As early as 1996, a rally was staged in which hundreds of demonstrators gathered at the Nepali border town of Kakarbhitta in an attempt to enter India and then Bhutan, but several activists were arrested by Indian security officers and the rally dissipated.
More recently, in May of 2007, a ‘Long March Home’ was organized in which tens of thousands of exiled Bhutanese attempted to walk from the camps in Nepal, across India, and back to Bhutan. The marchers were again met by Indian security officers at the Nepali border, where several guards opened fire on the crowd of demonstrators, killing two.
These early attempts to return to Bhutan show the committment that many refugees had to repatriation. For a long time, it was their only hope.
But resettlement changed everything. Although it created hope and excitement for many refugees, especially the young and educated, it also amplified the frustration of repatriation advocates. In an effort to counter the resettlement movement, many pro-repatriation groups evolved into underground political parties, some with militant tendencies like the Liberation Army of Bhutan (LAB), Druk Leapord, and the United Revolutionary Front of Bhutan (URFB).
It is groups like these that Archaya and his family fear, and it was these groups that initiated inter-camp violence, beginning in 2007. Early that year, two young refugees died in a clash with an underground political party.

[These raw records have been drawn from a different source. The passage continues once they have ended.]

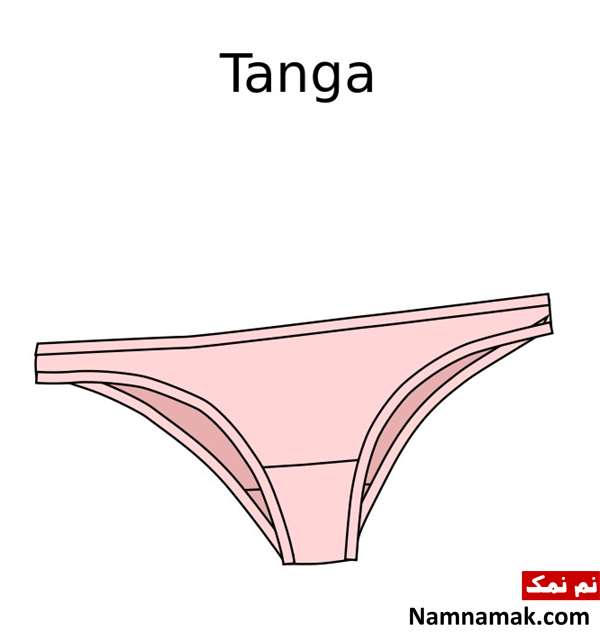 Tanga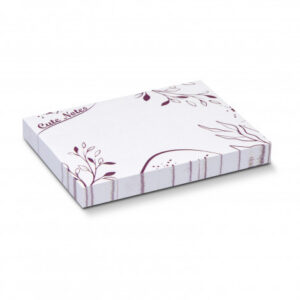 Sticky Pad 100 x 75mm - 100 Sheets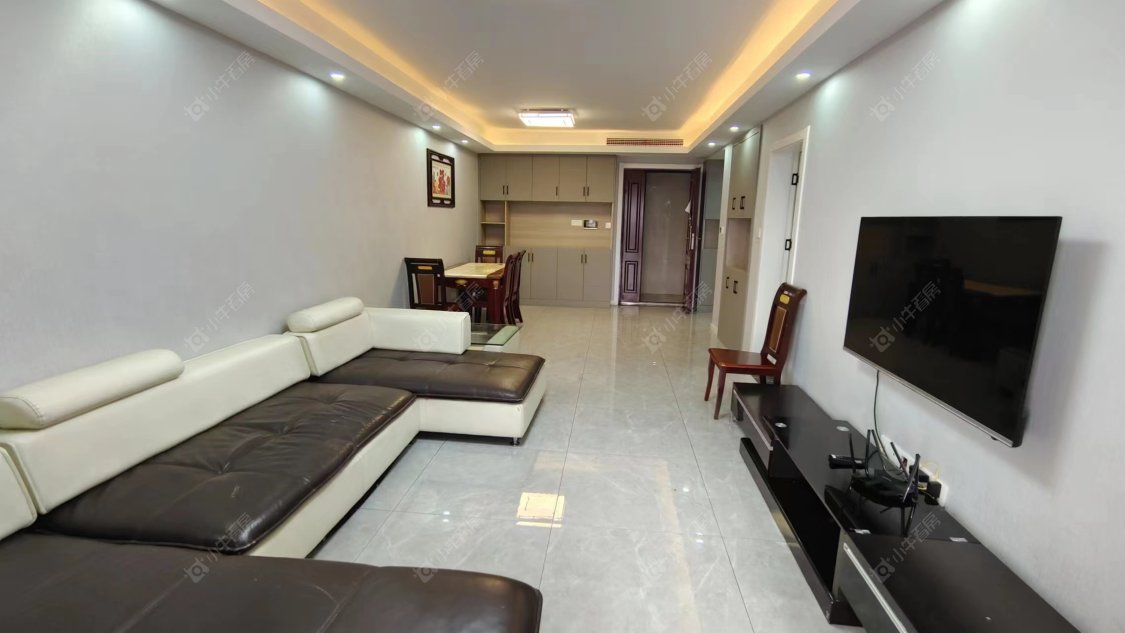 常州星河丹堤一区在租房源_小牛看房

The same week, a refugee leader was beat-up and his hut destroyed because he supported resettlement.
In the days after, a news release from the Refugee Policy director at Human Rights Watch, Bill Frelick, warned that, “Nepali police need to protect the Bhutanese refugees and their right to peacefully express their views on resettlement or return.”

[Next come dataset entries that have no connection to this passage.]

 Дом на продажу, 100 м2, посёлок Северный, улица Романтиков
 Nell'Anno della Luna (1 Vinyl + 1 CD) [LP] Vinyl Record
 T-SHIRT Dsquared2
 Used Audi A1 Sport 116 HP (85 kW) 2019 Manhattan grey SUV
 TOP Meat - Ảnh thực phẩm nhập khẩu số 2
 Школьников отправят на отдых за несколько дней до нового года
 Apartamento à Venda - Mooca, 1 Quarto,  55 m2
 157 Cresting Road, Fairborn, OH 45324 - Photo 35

Despite many more pleas for increased security in the camps, violence continued, culminating in 2009 with the deaths of two Camp Secretaries (the same position that Archaya held). KB Khadka was stabbed to death on his way home one evening in April, while Shanti Ram Nepal was shot four times by an unidentified gunman later the same year.

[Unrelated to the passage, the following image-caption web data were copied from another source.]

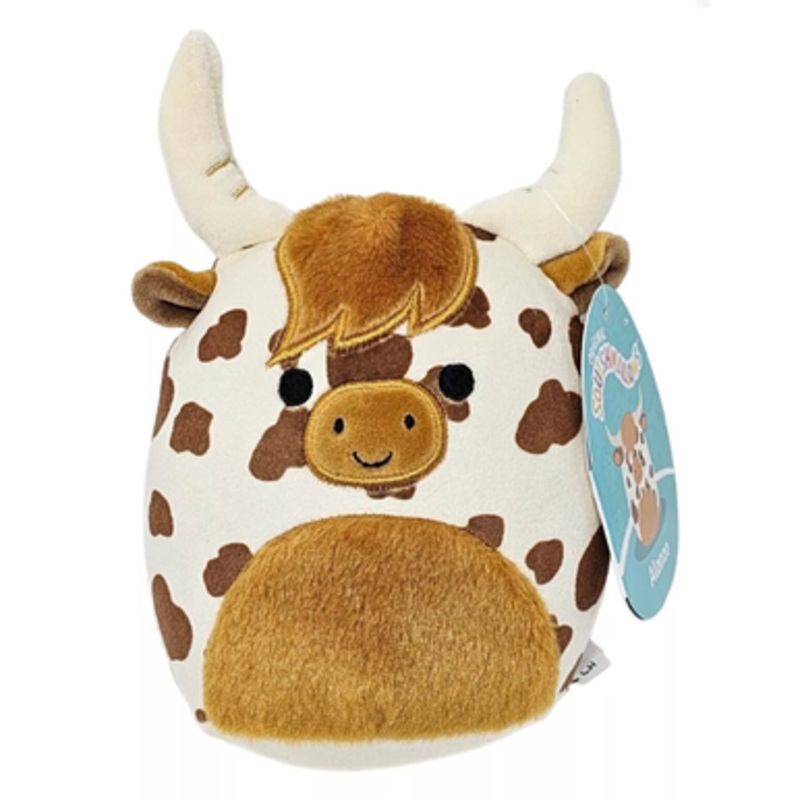 Squishmallows SQK SQCR05392 – 7.5 Little Plush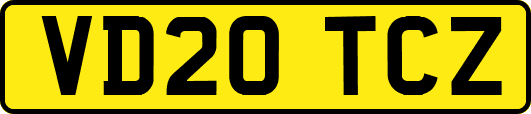 VD20TCZ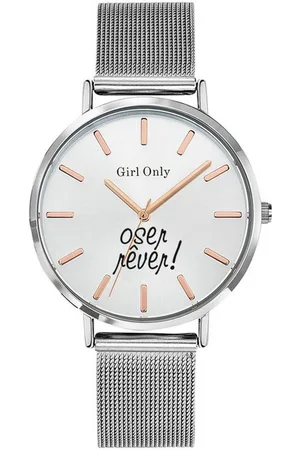 Go Mademoiselle Montre Femme - 695560 Bracelet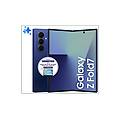 galaxy z fold7 256gb 256 gb blue shadow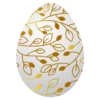 Светлой Пасхи! @Sticker_Awwww 5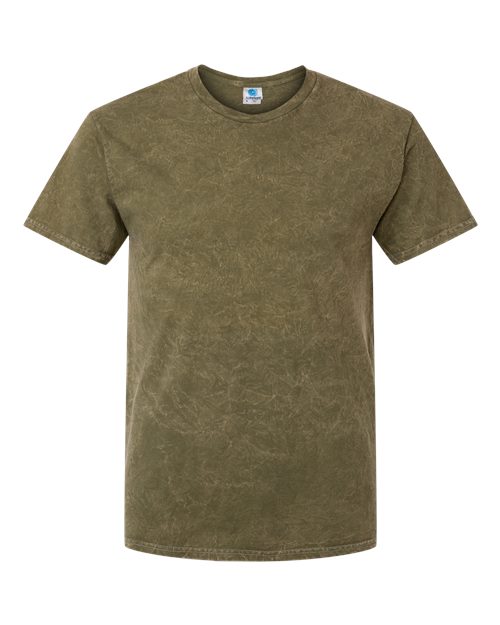 Mineral Green - Front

Yet as the number of Bhutanese resettling has increased, the cases of violence have tended to decrease. By mid-2010, nearly 80% of refugees either already moved abroad, or expressed interest in doing so.
As is often the case, families still in the camps will hear good news from their already-resettled relatives, persuading them to make the leap and file their own case for resettlement. Repatriation groups are losing the hearts and the minds of the remaining refugees. After 18 years of camp life, the pull to resettle is strong.
Dr. Bampa Rai is a Bhutanese refugee and a doctor by profession, but he is more renown as a leader of the repatriation movement. Since the early 90’s, he has run a health clinic for refugees near the camps while also peacefully advocating for repatriation through legitimate organizations like the Bhutanese Refugee Repatriation Representatives Committee.
But even he admits that “The sun is setting on repatriation.” Rai does not condone violence or intimidation, but he does believe that the cause of repatriation has been marginalized in favor of resettlement.
“The UNHCR has been advocating resettlement in every camp for years now,” he explains, referring to the various information meetings, English classes, and cultural orientation programs sponsored by the U.N. that are aimed at recruiting and preparing refugees for resettlement.
“Don’t get me wrong, I am grateful to the UNHCR, but for 18 years people were never given hope of repatriation by the UNHCR; not a single meeting,” he says. Now he believes resettlement will completely deflate the cause for repatriation, and, he claims, it already has begun.
Indeed, many refugees argue that violence and intimidation have all but disappeared from the camps. Now it seems that most everyone is looking forward to moving to new homes in the West. While Archaya insists that the underground groups continue to operate today and threats still exist, he also looks forward to resettlement.
“I am Bhutanese, but my future is in the United States,” he says, “So we spend our time waiting for resettlement; it is our only hope.”